3

I'm studying for my exam and I came across the following exam question from last year, the only way I know how to solve this is build a regex that accounts for all six different series of letters so for example to recognize a string that has the letters a,b and c occur in that order:

$(a+b+c)^*a(a+b+c)^*b(a+b+c)^*c$

The question: Give a regular expression r over the alphabet A = {a, b, c} such that the language determined by r consists of all strings that contain at least one occurrence of each symbol in A. Briefly explain your answer.
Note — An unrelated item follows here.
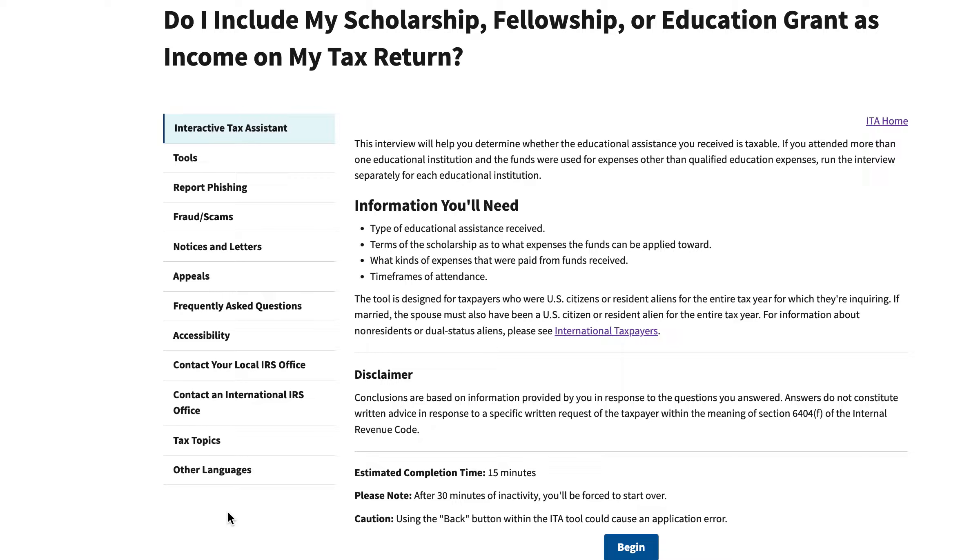We'll be going over the IRS interactive tax assistant tool that helps taxpayers determine whether or not scholarship, fellowship, or education grants should be included as income when they file their income tax return.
  • I think an alternation of six terms of the form $a(a)b(a+b)c(a+b+c)$ is easier to explain. BTW: What has been your* question? – greybeard Dec 28 '19 at 16:44
  • @greybeard: yeah, i belatedly got that. I deleted my comment while thinking about how to prove that formulation in a way that justifies "easier to explain" since it seems to me that OP's formulation requires very little explanation at all. – rici Dec 30 '19 at 07:17
  • @greybeard: The big advantage of yours, it seems to me, is not ease of explanation but rather the fact that it leads to a deterministic grammar. OP's expression is a classic example of exponential state blowup of the standard regex->NFA->DFA algorithm. – rici Dec 30 '19 at 07:32

2 Answers2

5

Your solution looks good to me, and it is probably what they expect of you.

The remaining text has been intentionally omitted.